▶ **Task to complete**:
Whenever a picture appears, leave it out while repeating all the other data exactly.
::: Given entries :::
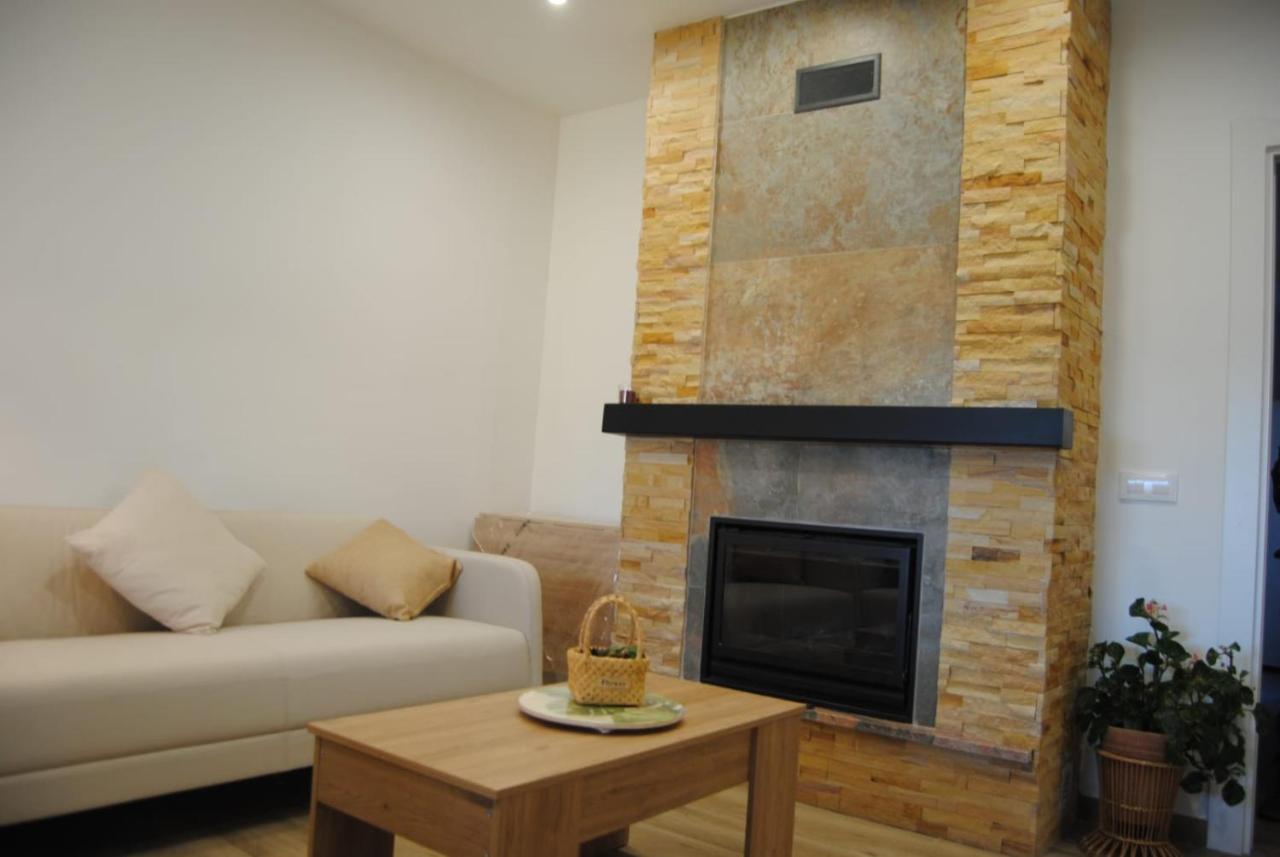 Chalet Pinara El Barraco Extérieur photo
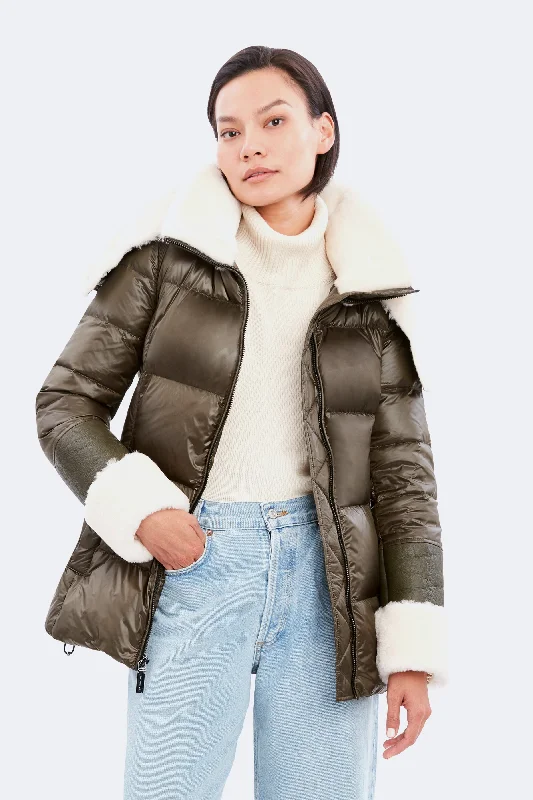 Price Drop Aspen Jacket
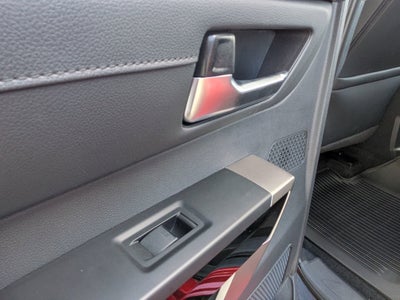 2024 Toyota Sequoia Limited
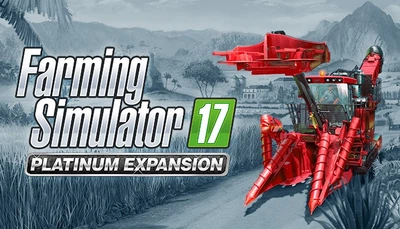 Дополнение Farming Simulator 17 - Platinium Expansion для ПК (Ключ активации Steam)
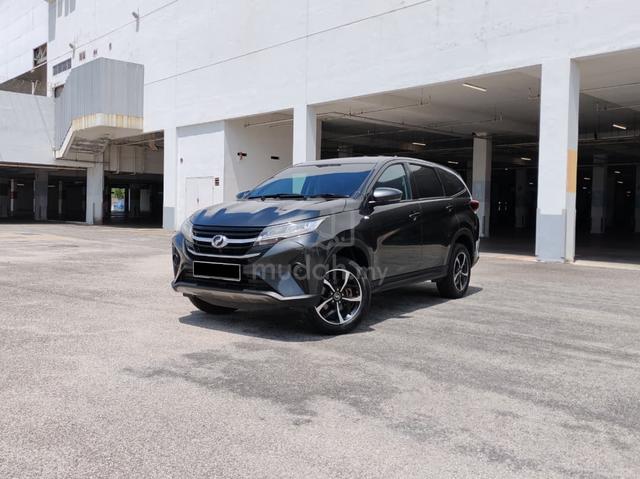 2019 Perodua ARUZ 1.5 X (A) 3 YRS WRNTY/FOC DELIVR - 4
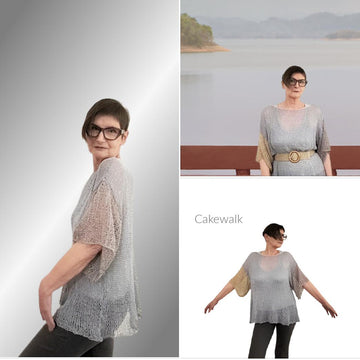 Cakewalk sweater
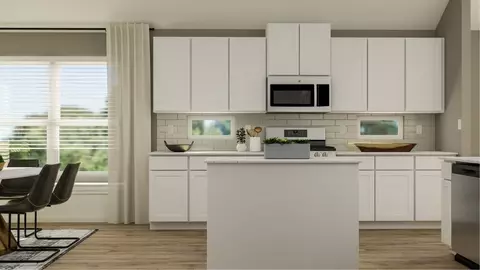 Kitchen - 1605 Four Waters Loop, Georgetown, TX 78628 photo 2 of 3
:::
▶ **Answer space**:
 Chalet Pinara El Barraco Extérieur photo
 Price Drop Aspen Jacket
 2024 Toyota Sequoia Limited
 Дополнение Farming Simulator 17 - Platinium Expansion для ПК (Ключ активации Steam)
 2019 Perodua ARUZ 1.5 X (A) 3 YRS WRNTY/FOC DELIVR - 4
 Cakewalk sweater
 Kitchen - 1605 Four Waters Loop, Georgetown, TX 78628 photo 2 of 3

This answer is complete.